### YOUR GOAL
Go through the data and retrieve each line that includes the string "Earring".

### PROVIDED ENTRIES
════════════════════

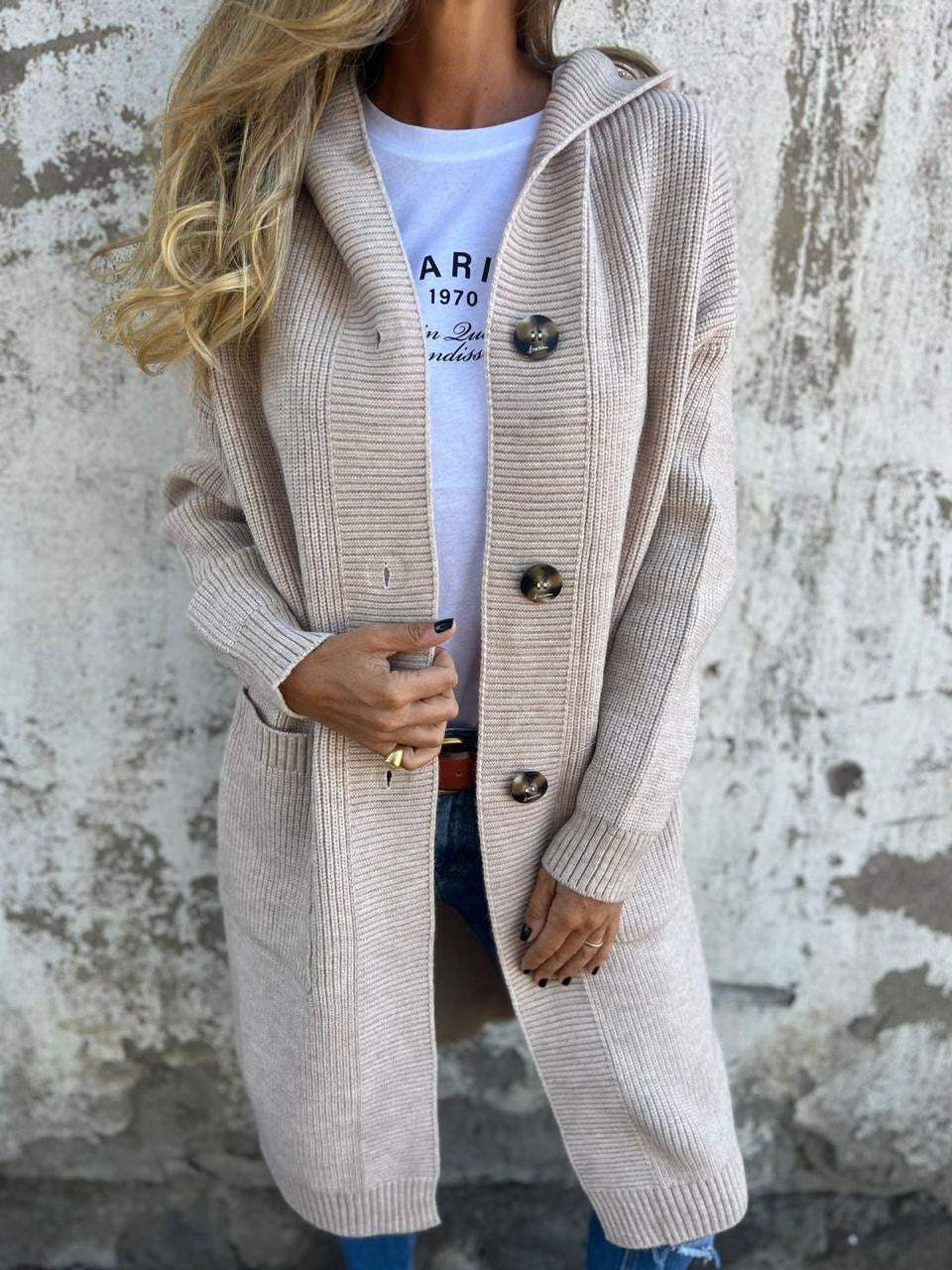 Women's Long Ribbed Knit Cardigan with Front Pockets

════════════════════

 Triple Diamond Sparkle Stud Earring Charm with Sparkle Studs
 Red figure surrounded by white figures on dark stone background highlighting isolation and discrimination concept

════════════════════

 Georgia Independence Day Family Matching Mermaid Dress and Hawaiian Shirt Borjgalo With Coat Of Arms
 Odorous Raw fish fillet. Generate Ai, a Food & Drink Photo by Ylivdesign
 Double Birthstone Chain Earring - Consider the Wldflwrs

════════════════════

### WRITTEN RESPONSE
 Triple Diamond Sparkle Stud Earring Charm with Sparkle Studs
 Double Birthstone Chain Earring - Consider the Wldflwrs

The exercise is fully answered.